* Instructions for the task
Please retype the entries that follow exactly as they are, leaving the images behind.

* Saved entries
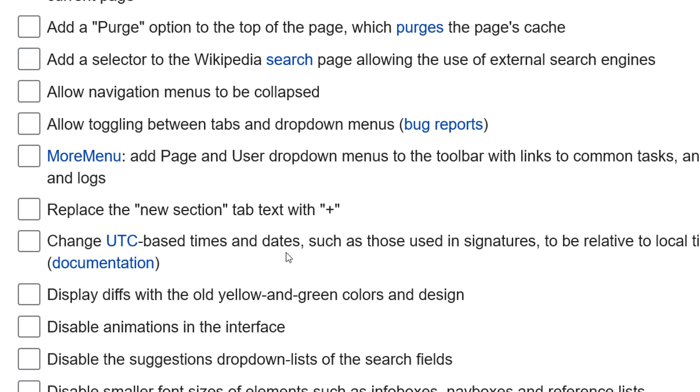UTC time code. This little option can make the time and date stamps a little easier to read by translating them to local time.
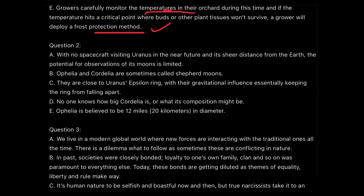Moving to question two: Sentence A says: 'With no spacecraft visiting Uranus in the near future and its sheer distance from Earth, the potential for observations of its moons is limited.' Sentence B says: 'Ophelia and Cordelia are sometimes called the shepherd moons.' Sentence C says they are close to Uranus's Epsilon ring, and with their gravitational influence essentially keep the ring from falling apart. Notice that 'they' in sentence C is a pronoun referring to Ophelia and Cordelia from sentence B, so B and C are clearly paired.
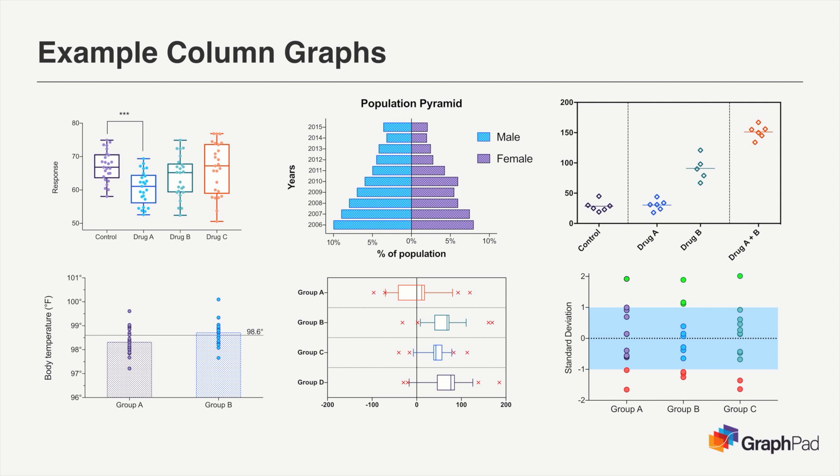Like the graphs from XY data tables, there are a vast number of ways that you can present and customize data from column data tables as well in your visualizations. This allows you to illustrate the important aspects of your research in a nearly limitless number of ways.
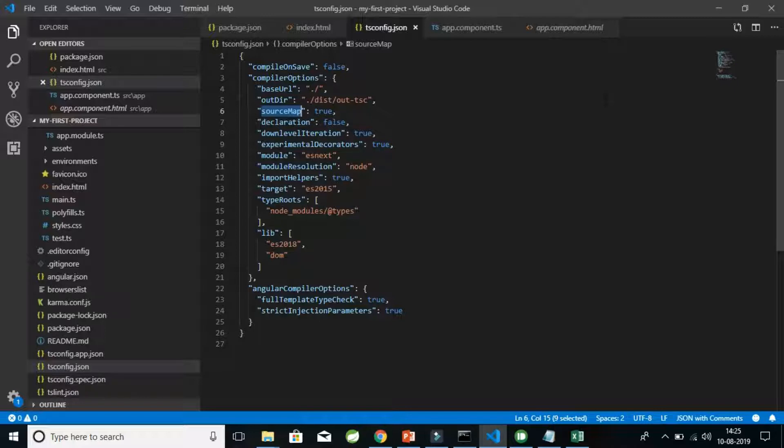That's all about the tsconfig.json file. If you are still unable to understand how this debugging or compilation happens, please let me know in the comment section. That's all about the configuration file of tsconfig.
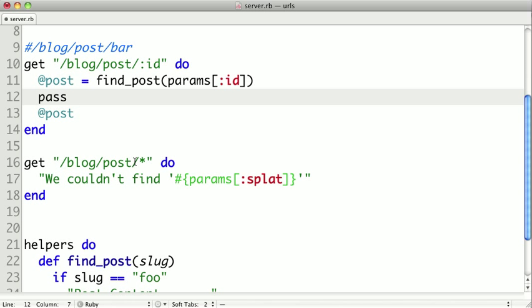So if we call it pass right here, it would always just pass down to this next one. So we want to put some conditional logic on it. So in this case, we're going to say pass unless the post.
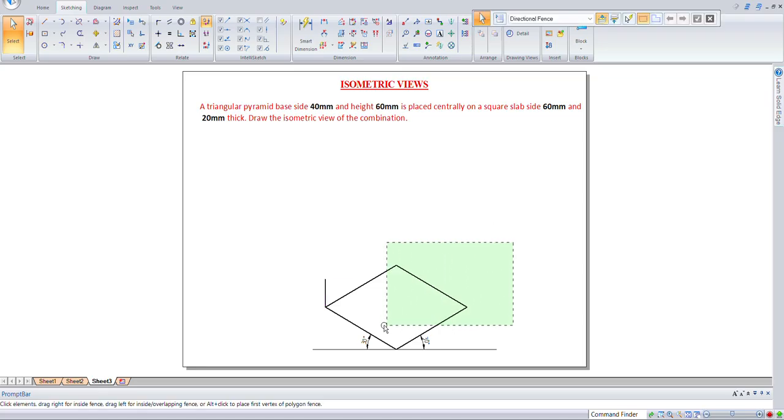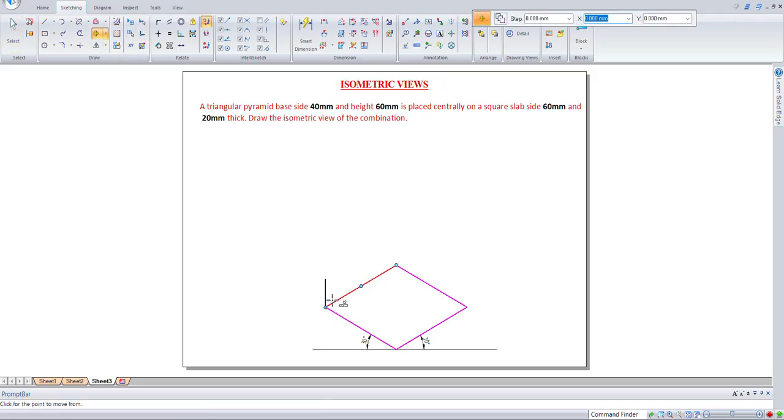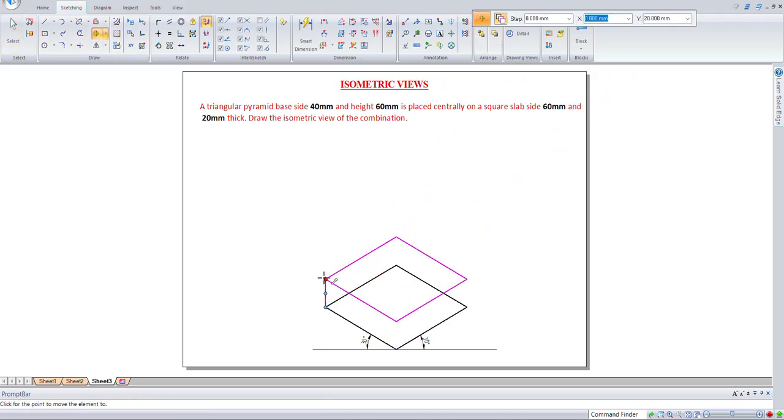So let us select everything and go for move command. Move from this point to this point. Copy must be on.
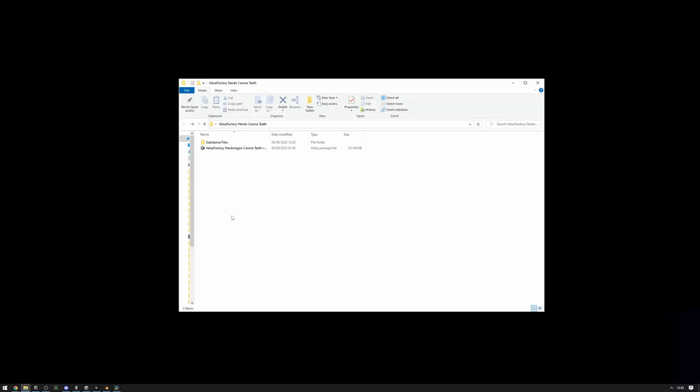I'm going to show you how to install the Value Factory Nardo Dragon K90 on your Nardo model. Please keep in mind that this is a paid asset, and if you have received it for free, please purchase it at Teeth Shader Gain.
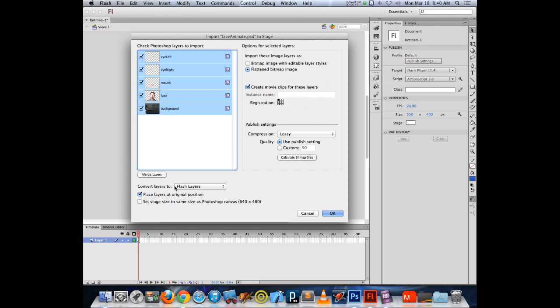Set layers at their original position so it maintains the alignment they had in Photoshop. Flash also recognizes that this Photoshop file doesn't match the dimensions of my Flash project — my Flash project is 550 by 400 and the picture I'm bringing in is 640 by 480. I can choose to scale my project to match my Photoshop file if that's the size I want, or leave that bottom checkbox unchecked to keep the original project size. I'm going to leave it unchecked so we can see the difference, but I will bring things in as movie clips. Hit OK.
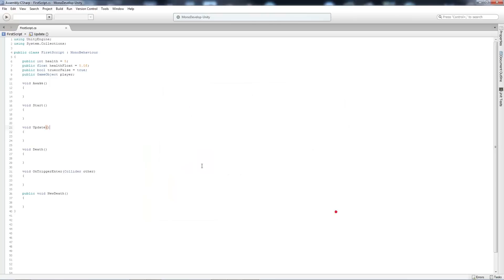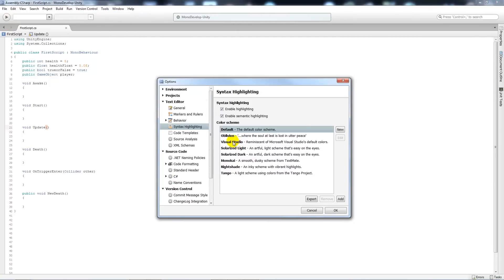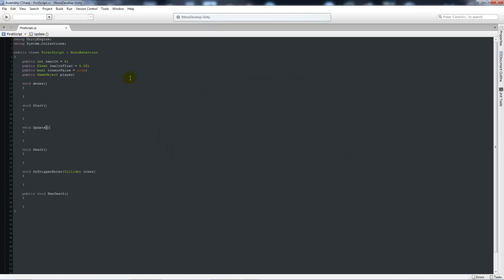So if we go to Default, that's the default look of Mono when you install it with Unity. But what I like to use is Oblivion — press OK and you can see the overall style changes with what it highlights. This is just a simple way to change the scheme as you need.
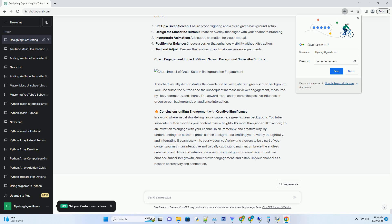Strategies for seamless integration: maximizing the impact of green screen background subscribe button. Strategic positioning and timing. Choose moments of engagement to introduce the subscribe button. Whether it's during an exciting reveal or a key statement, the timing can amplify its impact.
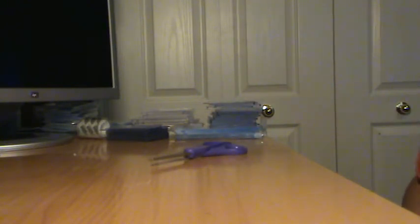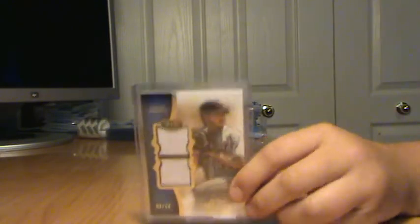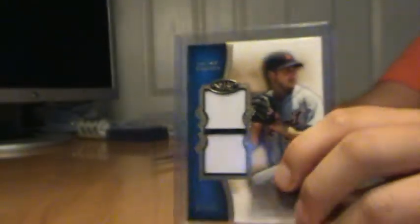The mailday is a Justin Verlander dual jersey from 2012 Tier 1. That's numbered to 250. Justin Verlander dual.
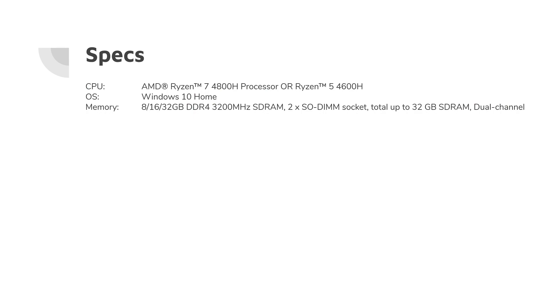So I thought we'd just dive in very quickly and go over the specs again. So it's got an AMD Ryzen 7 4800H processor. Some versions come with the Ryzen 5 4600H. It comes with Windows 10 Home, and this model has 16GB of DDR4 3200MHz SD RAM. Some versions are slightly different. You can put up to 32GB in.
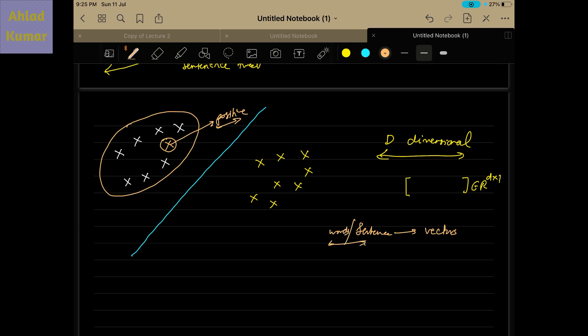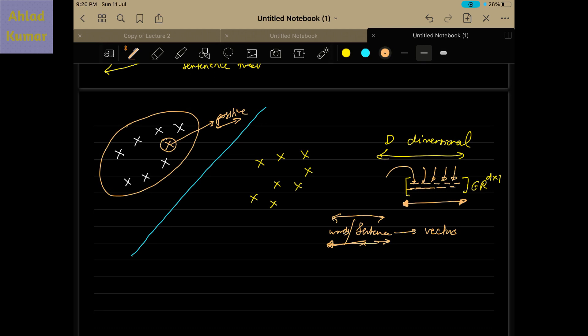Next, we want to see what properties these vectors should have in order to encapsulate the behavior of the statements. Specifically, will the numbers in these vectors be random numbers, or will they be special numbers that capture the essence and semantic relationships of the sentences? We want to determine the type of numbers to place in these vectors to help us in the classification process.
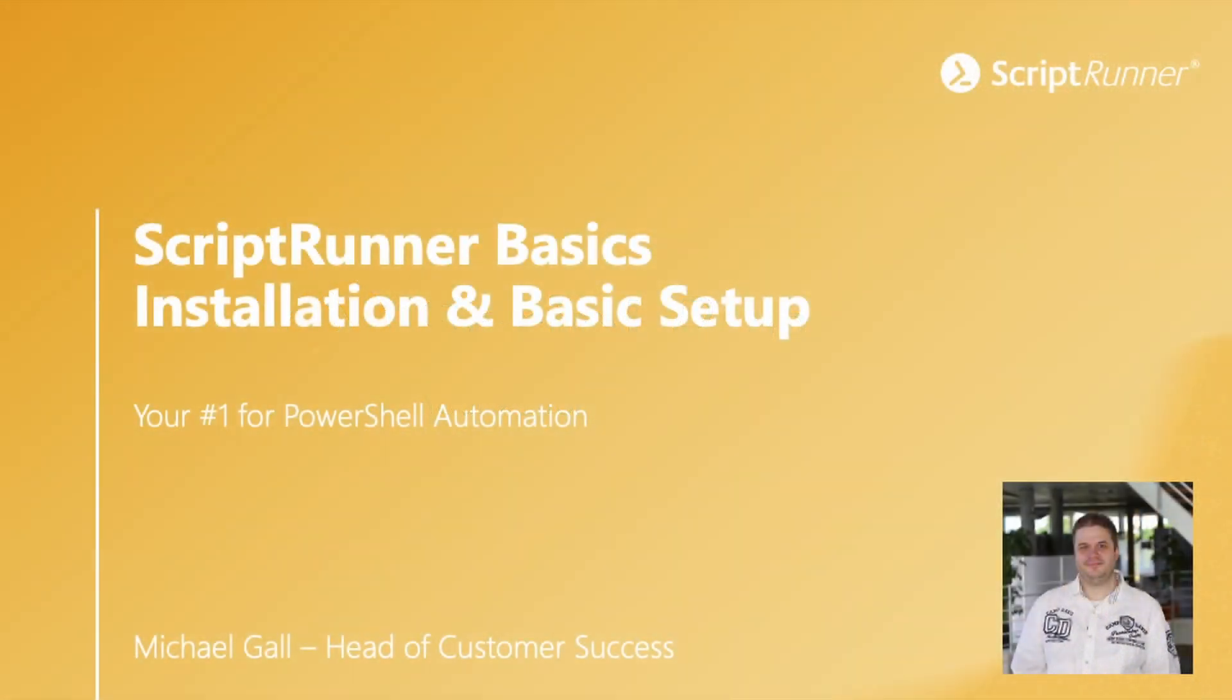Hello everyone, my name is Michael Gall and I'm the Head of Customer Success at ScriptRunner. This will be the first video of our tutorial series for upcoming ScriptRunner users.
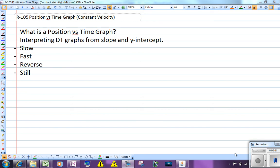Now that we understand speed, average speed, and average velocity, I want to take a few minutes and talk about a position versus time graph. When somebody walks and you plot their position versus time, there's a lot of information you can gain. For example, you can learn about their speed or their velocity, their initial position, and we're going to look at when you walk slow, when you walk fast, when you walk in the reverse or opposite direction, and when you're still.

* Answer space
UTC time code. This little option can make the time and date stamps a little easier to read by translating them to local time.
Moving to question two: Sentence A says: 'With no spacecraft visiting Uranus in the near future and its sheer distance from Earth, the potential for observations of its moons is limited.' Sentence B says: 'Ophelia and Cordelia are sometimes called the shepherd moons.' Sentence C says they are close to Uranus's Epsilon ring, and with their gravitational influence essentially keep the ring from falling apart. Notice that 'they' in sentence C is a pronoun referring to Ophelia and Cordelia from sentence B, so B and C are clearly paired.
Like the graphs from XY data tables, there are a vast number of ways that you can present and customize data from column data tables as well in your visualizations. This allows you to illustrate the important aspects of your research in a nearly limitless number of ways.
That's all about the tsconfig.json file. If you are still unable to understand how this debugging or compilation happens, please let me know in the comment section. That's all about the configuration file of tsconfig.
So if we call it pass right here, it would always just pass down to this next one. So we want to put some conditional logic on it. So in this case, we're going to say pass unless the post.
So let us select everything and go for move command. Move from this point to this point. Copy must be on.
I'm going to show you how to install the Value Factory Nardo Dragon K90 on your Nardo model. Please keep in mind that this is a paid asset, and if you have received it for free, please purchase it at Teeth Shader Gain.
Set layers at their original position so it maintains the alignment they had in Photoshop. Flash also recognizes that this Photoshop file doesn't match the dimensions of my Flash project — my Flash project is 550 by 400 and the picture I'm bringing in is 640 by 480. I can choose to scale my project to match my Photoshop file if that's the size I want, or leave that bottom checkbox unchecked to keep the original project size. I'm going to leave it unchecked so we can see the difference, but I will bring things in as movie clips. Hit OK.
So if we go to Default, that's the default look of Mono when you install it with Unity. But what I like to use is Oblivion — press OK and you can see the overall style changes with what it highlights. This is just a simple way to change the scheme as you need.
Strategies for seamless integration: maximizing the impact of green screen background subscribe button. Strategic positioning and timing. Choose moments of engagement to introduce the subscribe button. Whether it's during an exciting reveal or a key statement, the timing can amplify its impact.
The mailday is a Justin Verlander dual jersey from 2012 Tier 1. That's numbered to 250. Justin Verlander dual.
So I thought we'd just dive in very quickly and go over the specs again. So it's got an AMD Ryzen 7 4800H processor. Some versions come with the Ryzen 5 4600H. It comes with Windows 10 Home, and this model has 16GB of DDR4 3200MHz SD RAM. Some versions are slightly different. You can put up to 32GB in.
Next, we want to see what properties these vectors should have in order to encapsulate the behavior of the statements. Specifically, will the numbers in these vectors be random numbers, or will they be special numbers that capture the essence and semantic relationships of the sentences? We want to determine the type of numbers to place in these vectors to help us in the classification process.
Hello everyone, my name is Michael Gall and I'm the Head of Customer Success at ScriptRunner. This will be the first video of our tutorial series for upcoming ScriptRunner users.
Now that we understand speed, average speed, and average velocity, I want to take a few minutes and talk about a position versus time graph. When somebody walks and you plot their position versus time, there's a lot of information you can gain. For example, you can learn about their speed or their velocity, their initial position, and we're going to look at when you walk slow, when you walk fast, when you walk in the reverse or opposite direction, and when you're still.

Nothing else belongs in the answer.